Work task
Everything from the line with "Foto: Christian Riedel" down to the line with "An Exquisite Blue" below must be printed exactly, those two lines included. Exclude pictures.

Provided information
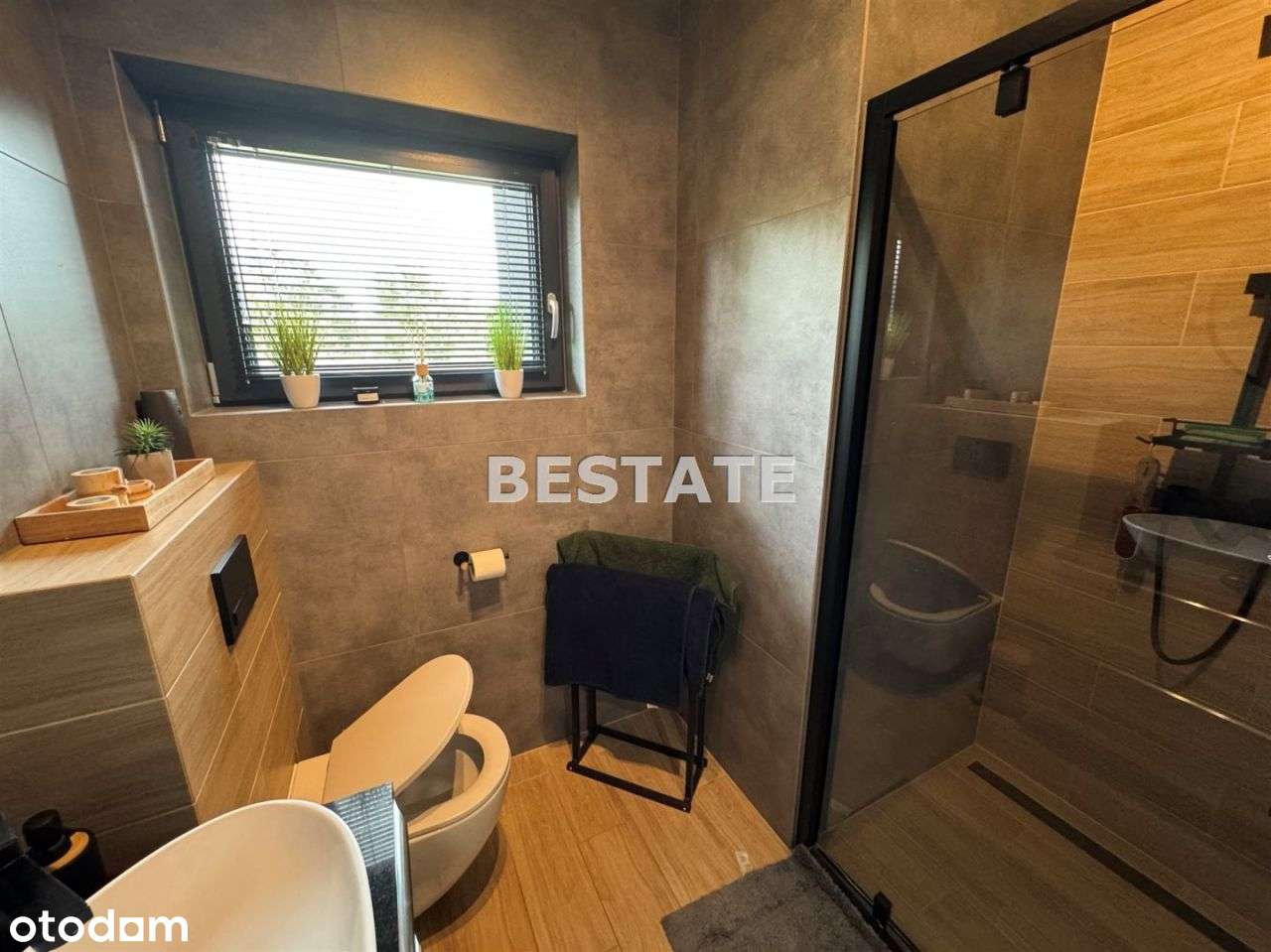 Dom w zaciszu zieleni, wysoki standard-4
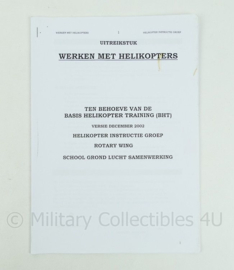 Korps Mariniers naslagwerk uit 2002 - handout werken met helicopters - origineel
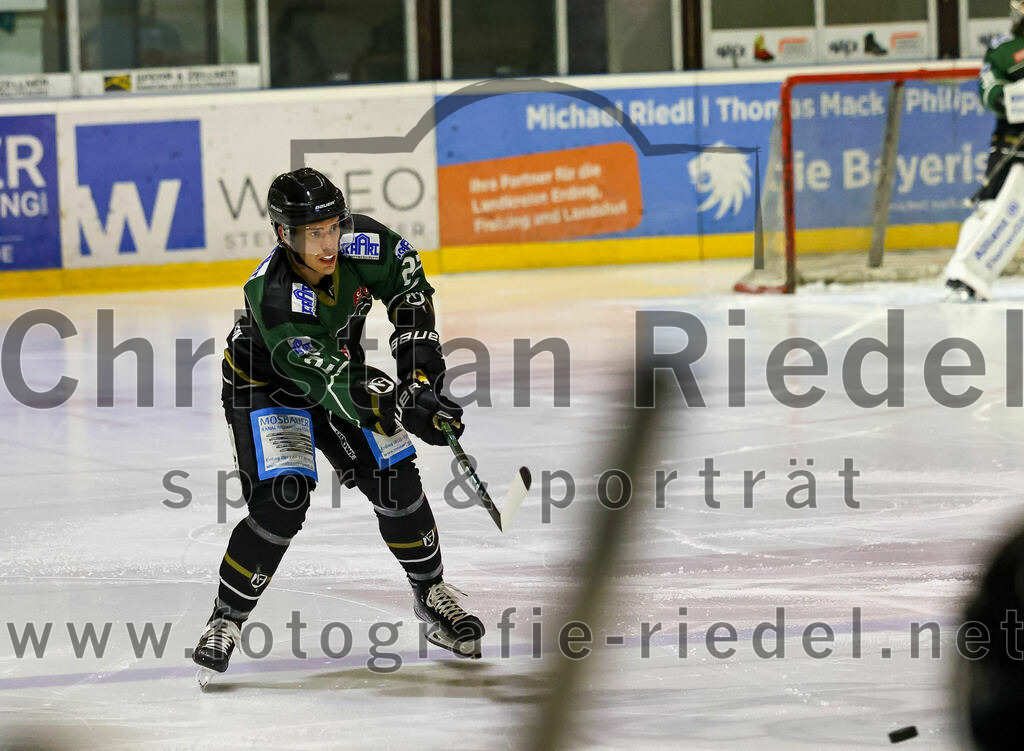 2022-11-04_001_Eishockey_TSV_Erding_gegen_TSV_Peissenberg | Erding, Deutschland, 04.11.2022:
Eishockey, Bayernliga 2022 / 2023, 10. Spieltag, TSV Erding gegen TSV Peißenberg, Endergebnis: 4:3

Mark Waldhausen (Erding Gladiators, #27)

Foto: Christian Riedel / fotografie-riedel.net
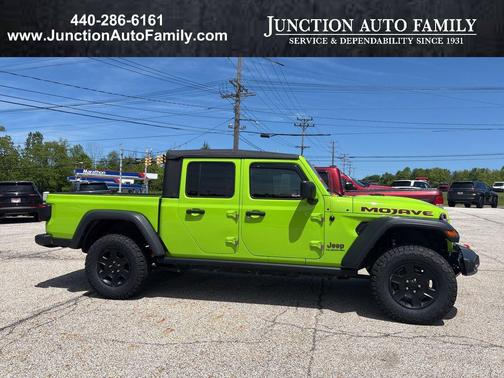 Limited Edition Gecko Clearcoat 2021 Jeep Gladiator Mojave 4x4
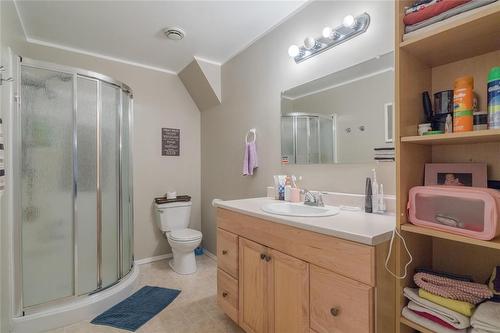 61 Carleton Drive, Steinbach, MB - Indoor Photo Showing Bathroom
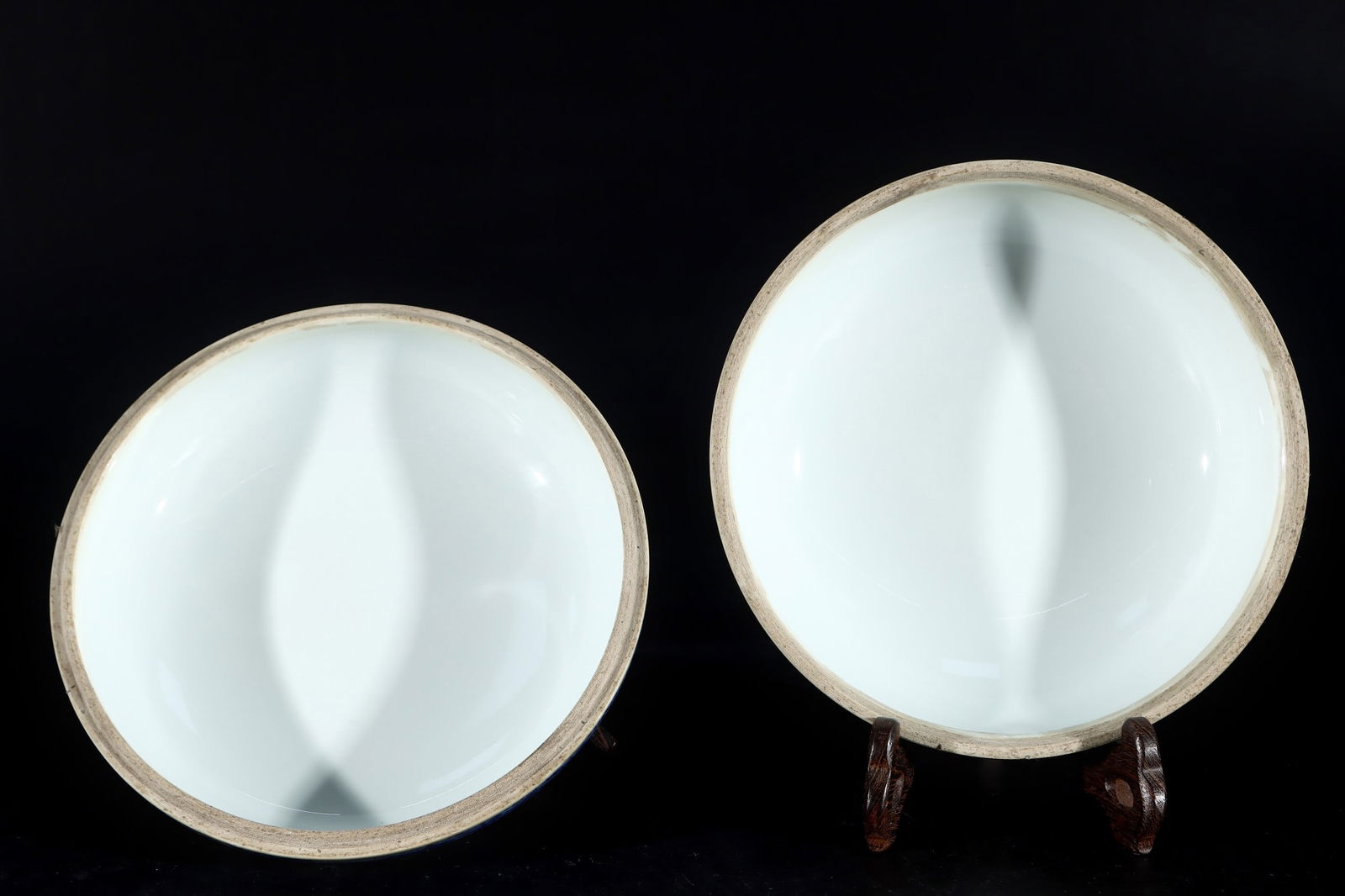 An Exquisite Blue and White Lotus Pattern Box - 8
---
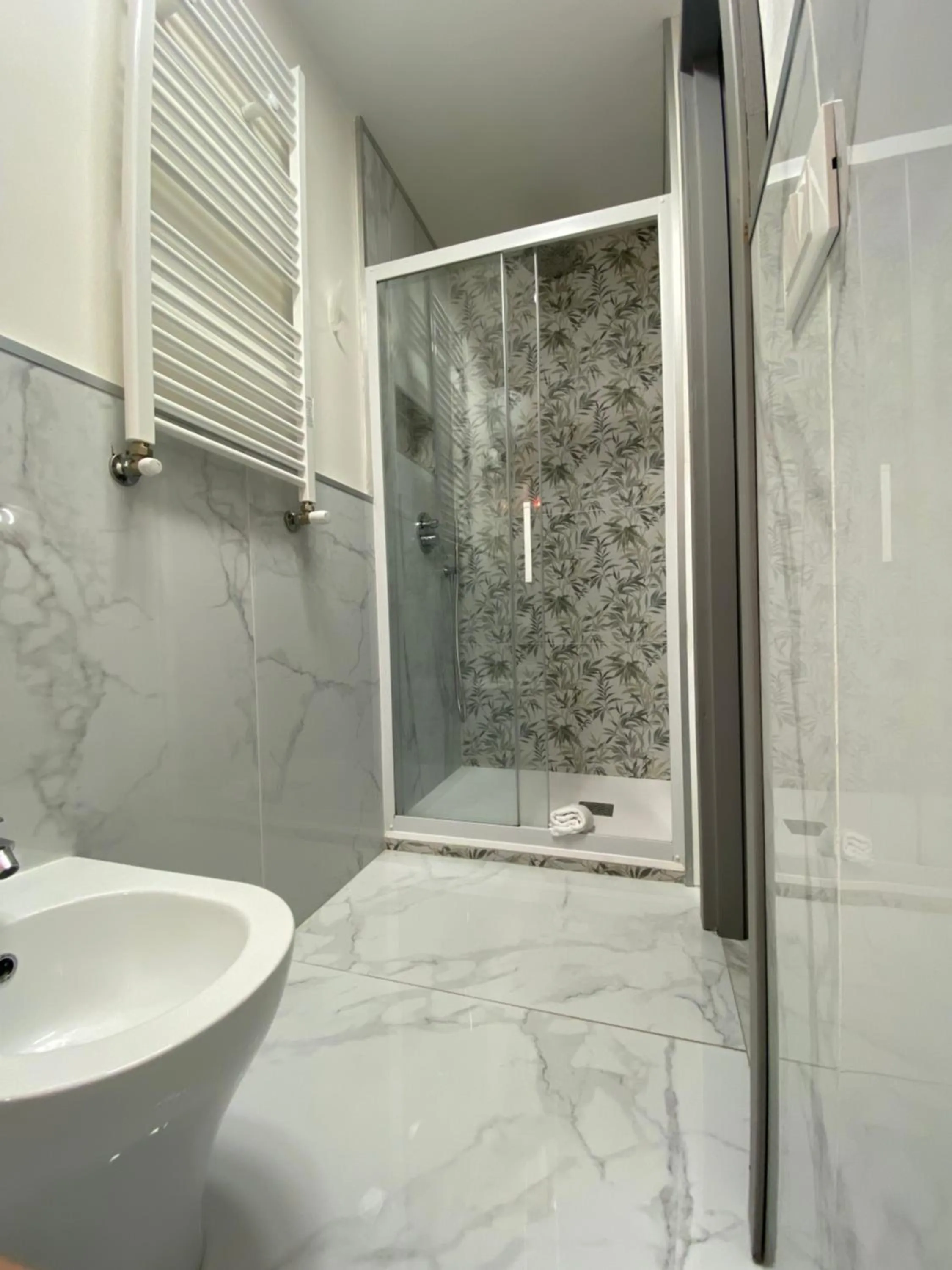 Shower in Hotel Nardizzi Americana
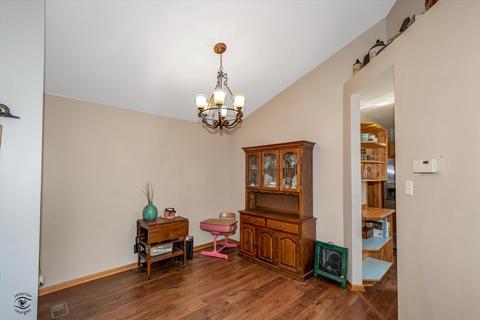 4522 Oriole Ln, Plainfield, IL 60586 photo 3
==
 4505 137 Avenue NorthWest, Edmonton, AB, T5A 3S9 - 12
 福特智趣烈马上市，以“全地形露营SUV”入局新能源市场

Answer
Foto: Christian Riedel / fotografie-riedel.net
 Limited Edition Gecko Clearcoat 2021 Jeep Gladiator Mojave 4x4
 61 Carleton Drive, Steinbach, MB - Indoor Photo Showing Bathroom
 An Exquisite Blue and White Lotus Pattern Box - 8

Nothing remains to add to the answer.